Why OOP Matters for BFSI AI Work
On Day 1 I wrote procedural code — one script, top to bottom, downloading data and printing results. That's fine for exploration. But every production AI system in banking or financial services is built around objects: a Transaction, a LoanApplication, a RiskScore. OOP is the language that financial engineers speak.
Today I built a FinancialRecord class — the simplest possible representation of one row of market data — and made each CSV row an instance of it. This is exactly the pattern that scales to ML pipelines: instead of passing raw dicts around, you pass structured objects with validated fields and methods.
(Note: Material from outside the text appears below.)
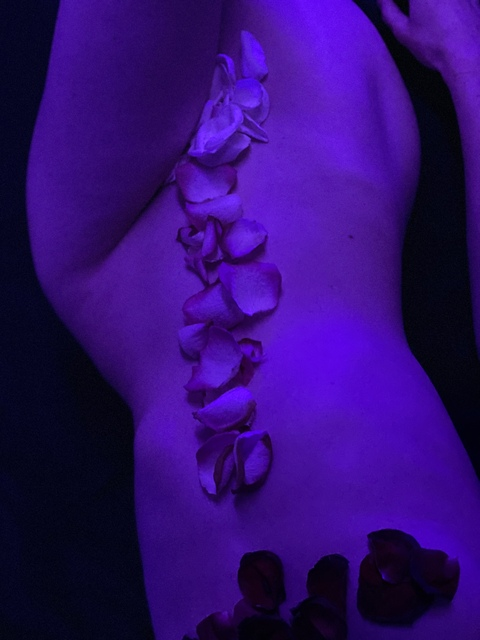 Header of thicittlered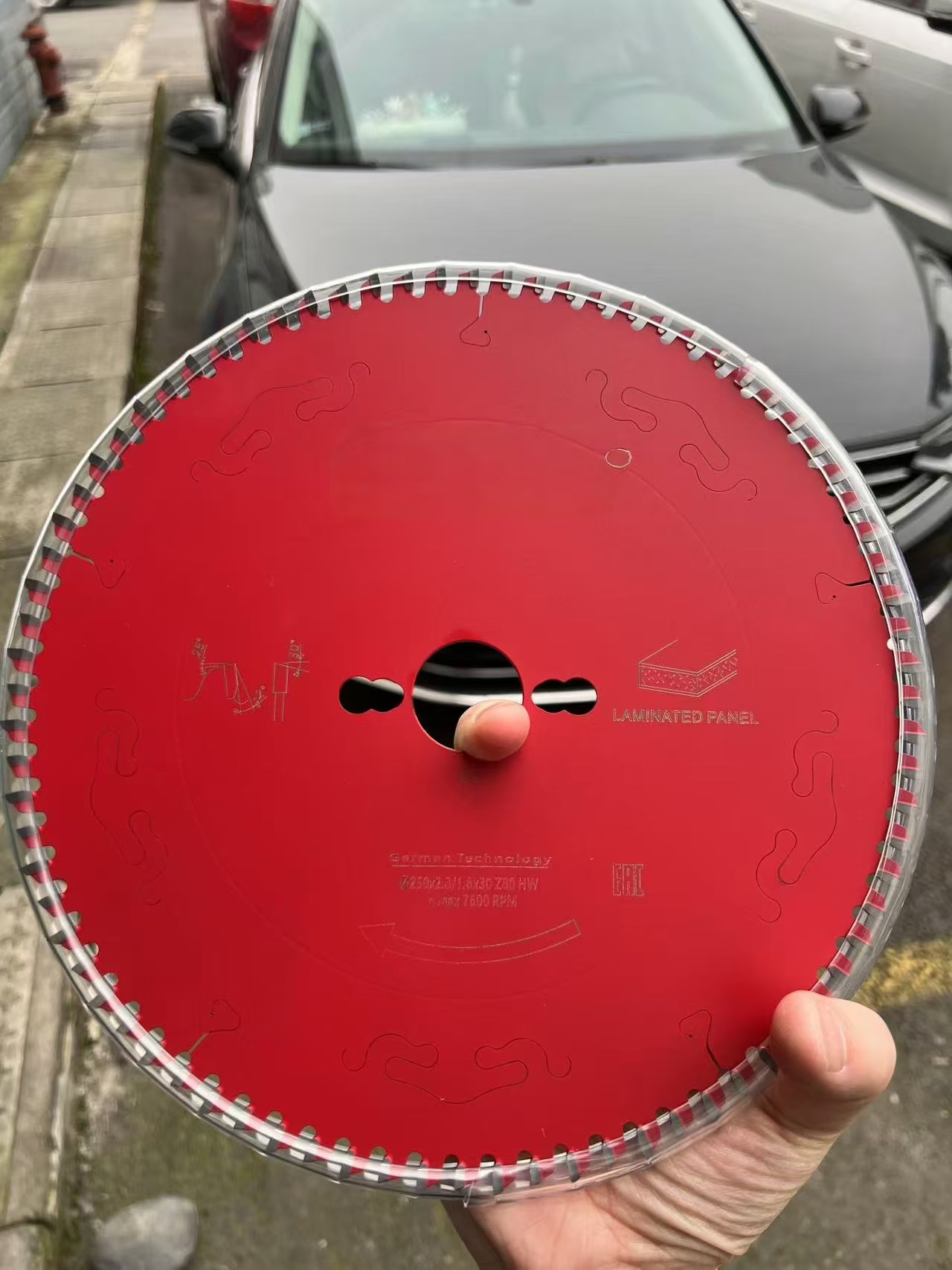 mowing saw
BFSI relevance: Fraud detection models, credit scoring systems, and trade reconciliation tools at banks are all built on class hierarchies. A Transaction object carries its own validation, formatting, and risk methods. Learning this pattern on Day 2 means you're building the right mental model from the start.
The Dataset — NIFTY50 Historical Data
Day 1 used AAPL from yfinance. Day 2 shifts to NIFTY50 — India's benchmark index, directly relevant for BFSI roles in the Indian market. The data is free, no login required, downloaded directly using yfinance just like AAPL.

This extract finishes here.